Die Psychologie der Radikalisierung

Forscher_innen der New York University Abu Dhabi untersuchten, was Menschen dazu bringt, sich gewalttätigen ideologischen Gruppen anzuschließen

Was bringt Menschen dazu, sich gewalttätigen ideologischen Gruppen anzuschließen und sich an Grausamkeiten und Terrorakten gegen andere zu beteiligen? Ist es die verzweifelte Suche nach einer vermeintlich besseren Welt? Das Bedürfnis, seine politische Überzeugung schnellstmöglich durchzusetzen und dafür allen "Gegner_innen" größtmöglichen Schaden zuzufügen? Oder die pure Lust an Gewalt, Tod und Zerstörung? Jocelyn Bélanger, Assistenzprofessorin für Psychologie an der New York University Abu Dhabi (NYUAD), hat in ihrer Forschungsarbeit die Frage nach ideologischer Besessenheit untersucht und sieht in ihr eine Form von Suchtverhalten.

In der neuen Studie "The Sociocognitive Processes of Ideological Obsession: Review and Policy Implications", die in der Fachzeitschrift Philosophical Transactions of the Royal Society B erscheint, stützt sich Bélanger auf Erkenntnisse, die sie in verschiedenen Kulturen und Ideologie-Umgebungen gesammelt hat. Sie fand darin vier Prozesse ideologischer Fixierungen, die Menschen dazu bringen, im Namen ihrer Weltanschauung gewalttätig zu werden.

Den ersten beschreibt die Wissenschaftlerin als eine Art moralischer Loslösung. Dabei deaktiviere die Fixierung auf eine Ideologie moralische Selbstkontrolle und -regulierungsprozesse. Die Folge: Eine Person kann sich unethisch verhalten ohne zu zweifeln oder sich selbst Vorwürfe machen zu müssen.

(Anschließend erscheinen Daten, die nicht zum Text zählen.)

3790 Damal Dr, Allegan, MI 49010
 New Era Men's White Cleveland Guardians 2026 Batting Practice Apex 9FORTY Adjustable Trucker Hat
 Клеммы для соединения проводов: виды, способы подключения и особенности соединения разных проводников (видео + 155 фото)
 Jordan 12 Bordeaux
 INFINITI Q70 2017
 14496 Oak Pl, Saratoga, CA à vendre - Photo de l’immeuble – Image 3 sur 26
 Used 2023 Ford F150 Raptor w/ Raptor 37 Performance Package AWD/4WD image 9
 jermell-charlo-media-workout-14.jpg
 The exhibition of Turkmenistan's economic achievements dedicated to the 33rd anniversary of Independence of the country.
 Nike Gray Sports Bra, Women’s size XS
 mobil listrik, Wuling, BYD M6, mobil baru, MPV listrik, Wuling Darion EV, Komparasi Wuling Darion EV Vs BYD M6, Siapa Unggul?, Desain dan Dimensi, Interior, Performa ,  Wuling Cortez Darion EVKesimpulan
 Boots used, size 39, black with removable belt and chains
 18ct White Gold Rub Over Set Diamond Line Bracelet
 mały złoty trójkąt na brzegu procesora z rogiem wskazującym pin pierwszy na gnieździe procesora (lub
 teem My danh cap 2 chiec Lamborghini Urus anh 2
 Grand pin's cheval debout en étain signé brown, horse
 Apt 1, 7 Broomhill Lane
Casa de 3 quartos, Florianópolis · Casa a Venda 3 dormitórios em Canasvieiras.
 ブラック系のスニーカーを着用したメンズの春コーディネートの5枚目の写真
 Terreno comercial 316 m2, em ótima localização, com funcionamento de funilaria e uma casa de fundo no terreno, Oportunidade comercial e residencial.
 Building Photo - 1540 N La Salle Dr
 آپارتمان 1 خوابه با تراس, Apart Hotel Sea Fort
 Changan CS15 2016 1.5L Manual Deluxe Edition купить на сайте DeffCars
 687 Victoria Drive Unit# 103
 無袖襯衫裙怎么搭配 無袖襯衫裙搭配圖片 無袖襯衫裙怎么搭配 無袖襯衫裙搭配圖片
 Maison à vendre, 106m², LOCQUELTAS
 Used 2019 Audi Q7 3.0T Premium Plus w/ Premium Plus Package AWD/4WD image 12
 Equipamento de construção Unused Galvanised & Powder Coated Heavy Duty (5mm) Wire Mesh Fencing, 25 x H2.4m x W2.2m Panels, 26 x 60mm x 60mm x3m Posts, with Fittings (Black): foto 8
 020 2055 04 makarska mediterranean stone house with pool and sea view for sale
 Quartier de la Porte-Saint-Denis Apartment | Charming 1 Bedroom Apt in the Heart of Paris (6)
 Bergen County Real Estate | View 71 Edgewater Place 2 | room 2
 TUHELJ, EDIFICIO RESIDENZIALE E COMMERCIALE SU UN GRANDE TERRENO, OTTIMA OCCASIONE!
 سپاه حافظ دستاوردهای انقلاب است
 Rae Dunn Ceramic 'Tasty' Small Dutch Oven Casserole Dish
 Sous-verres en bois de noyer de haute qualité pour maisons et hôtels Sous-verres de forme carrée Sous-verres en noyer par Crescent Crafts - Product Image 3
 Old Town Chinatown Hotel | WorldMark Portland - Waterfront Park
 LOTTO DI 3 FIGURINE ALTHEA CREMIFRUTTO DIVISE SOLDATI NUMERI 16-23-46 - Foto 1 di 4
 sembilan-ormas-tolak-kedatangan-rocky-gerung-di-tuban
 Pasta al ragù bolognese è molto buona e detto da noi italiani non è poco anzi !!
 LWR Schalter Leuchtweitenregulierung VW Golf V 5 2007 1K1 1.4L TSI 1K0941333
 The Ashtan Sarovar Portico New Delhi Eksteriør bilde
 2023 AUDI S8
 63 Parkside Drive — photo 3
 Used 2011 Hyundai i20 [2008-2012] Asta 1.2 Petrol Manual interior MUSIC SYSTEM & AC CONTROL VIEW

Der zweite Prozess sei schlicht Hass: Von einer Ideologie besessene Menschen seien permanent in einer Selbstverteidigungsposition und fühlten sich schnell durch Aussagen bedroht, die an ihren Überzeugungen Kritik übten. Dies führe zu noch größerem Hass und letztendlich potenziell zu einer gewalttätigen Racheaktion. In einem dritten Schritt verändere die ideologische Fixierung die sozialen Interaktionen der Menschen. Die Betroffenen fühlten sich zu Gleichgesinnten und Netzwerken hingezogen, die ähnlich denken wie sie und Gewalt unterstützten. Letzten Endes entwickelten diese Menschen dann psychologische Muster, die sie immun machen gegen Versuche, sie von der Gewalt abzubringen.

Wie können wir dann aber Radikalisierung verhindern und bekämpfen? Dazu müsse man dieses Verhalten als eine Abhängigkeit von einer Ideologie verstehen, gleichsam wie eine Sucht, so die Forscherin. Die Ursache dafür sieht sie einem Gefühl, persönlich unbedeutend zu sein. "Herkömmliche Ansätze, wie der Versuch, Informationen zu vermitteln, die der hasserfüllten Ideologie einer Person entgegenwirken, sind nicht nur zwecklos, sondern oft kontraproduktiv. Um Menschen von ideologisch motivierter Gewalt abzubringen, müssen wir uns auf ihre psychologischen Bedürfnisse, wie Sinn und Zugehörigkeit, konzentrieren und ihnen helfen, ein reicheres, befriedigenderes und ausgeglicheneres Leben zu führen."